Project 13. Continuous Integration for CPU and GPU applications

Intern: Haniye Kashgarani (University of Wyoming)

Mentor: Supreeth Suresh

An open source and community-driven weather and climate modeling code receives regular updates from scientists and software engineers all over the world. These are often related to science, portability, and performance updates. These updates are often submitted as a pull request to the repository and the admins/owners of the repository usually perform the code review for syntax, standard, verification, code norms, etc. before accepting the pull request. This process is even more time consuming when you have to check using multiple hardware architectures, compilers, and systems. Code updates, changes in the software stack, compilers, and even changes in the system introduce bugs regularly. It is very important to identify these bugs before committing the changes to the code. Continuous integration is a development practice that integrates tests, syntax checks, and so on into source code changes as part of a CI/CD pipeline or DevOps process. This project aims to develop a process to make use of CI tools to develop automated code testing for an ASAP application on both CPU and GPU.

Project 14. Containerization of simulation applications for frequently re-run configurations

Intern: Si Chen (Emory University)

Mentors: Haiying Xu, Sheri Mickelson, Jian Sun

Container technology is rapidly developing, and we wonder if it can help to reduce data storage. With containers, we can run a scientific application with the required OS, software stacks, configurations, initialization/grid files, and input data on current supercomputers. Then we rebuild containers with an older version of MPI (Message Passing Interface) or OS to check if it still can run successfully. In this way, we can validate the re-run capability of containers in the long term. If this workflow works, we can use this method to re-run the old simulation whenever we need it.

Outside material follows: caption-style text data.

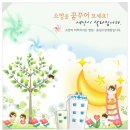소망가정의학과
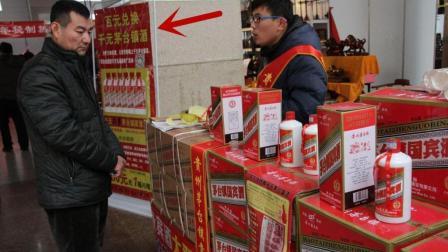 商场连号一百块可以换一箱茅台酒，是真是假? 背后有什么猫腻?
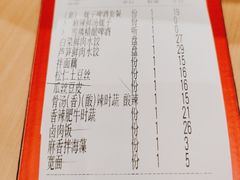 -喜家德虾仁水饺(浦东山姆店)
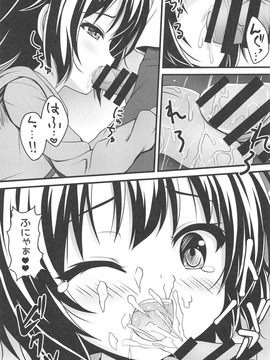 (C91) [ロリエース (朱シオ)] weekend lover (ご注文はうさぎですか)_006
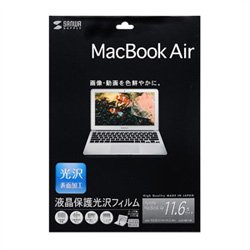 液晶保護光沢フィルム（MacBook Air 11インチ用） LCD-MB116K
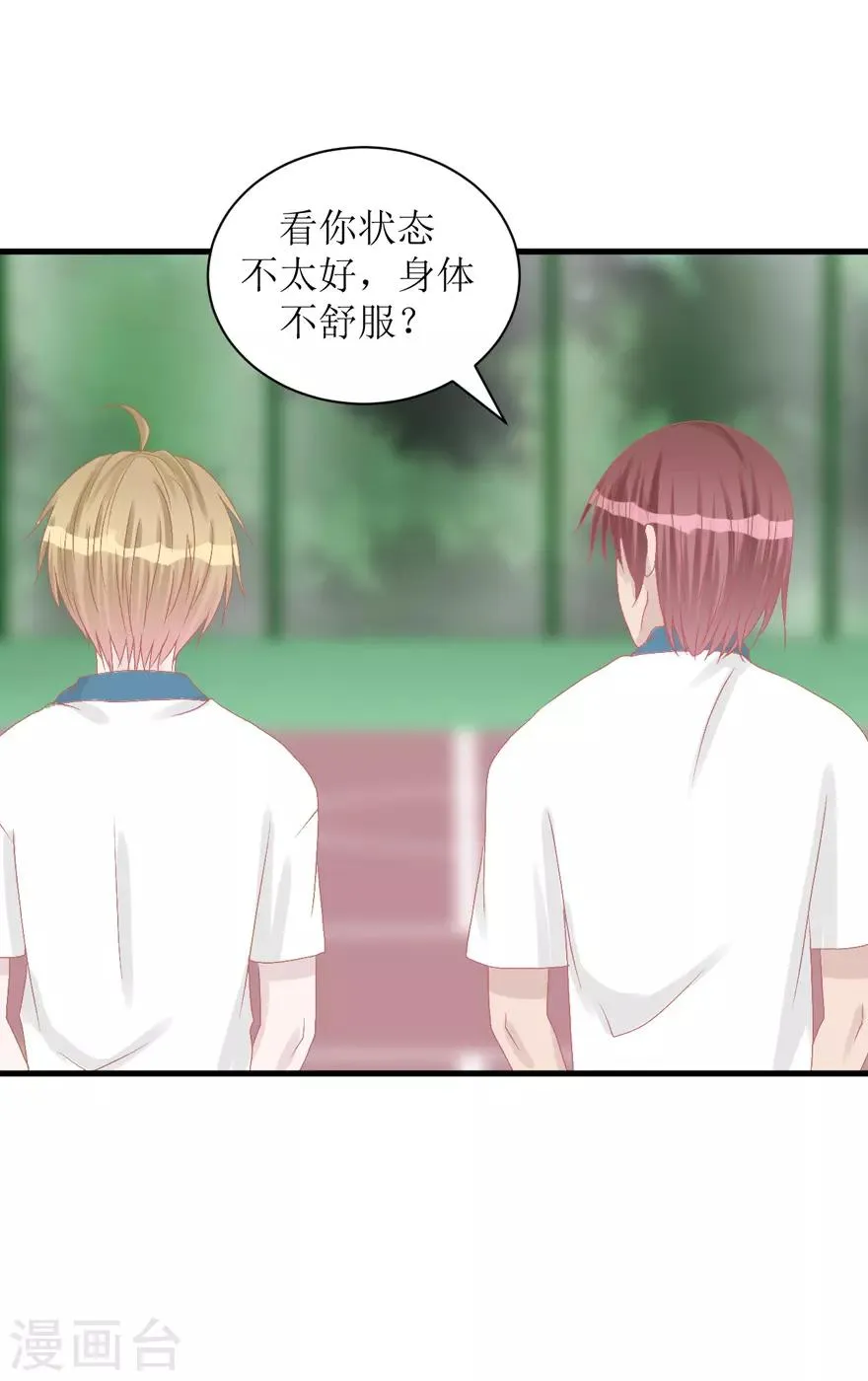 第38话 回忆篇1——美貌又不设防的人 第31页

Thus when scientists try to save large amounts of data from simulations, we can urge them to use this container strategy to re-run their applications at any time and only save some small amount of data instead. The project will focus on using Singularity containers to automate the compilation process of a scientific simulation CM1 with various MPI versions. Basically, students will first manually build CM1, then create container images to automatically build it and test it on Casper, and finally change MPI versions to see if the container images will still be able to run on Casper. The final step will confirm the re-run capability of the containers.

CISL Outreach, Diversity, and Education (CODE) Intern

Intern: Julius Owusu Afriyie (University of Nebraska - Lincoln)

Mentors: Virginia Do, AJ Lauer, Agbeli Ameko

The CODE Intern will provide administrative support to the SIParCS program office and affiliated programs and assist with planning and preparation for education and outreach programs to occur during the 2023 -2024 school year. Responsibilities for student intern support include being an active participant on the SIParCS team to provide support and mentoring for students; living at the suite-style apartments with the interns; planning and participating in after-hours team building activities; and keeping program leadership informed of any issues that arise. The CODE intern may assist students/participants with special needs; travel to assist with intern recruitment during fall months; attend the Rocky Mountain Advanced Computing Consortium (RMACC) with the SIParCS program. During summer, the student will assist with program support including planning and running events such as orientation, professional development workshops, field trips, and other learning opportunities for interns. The student will also assist with apartment move-in and move-out logistics, help write and edit SIParCS Annual Report, update SIParCS program alumni tracking documents for program assessment and evaluation purposes.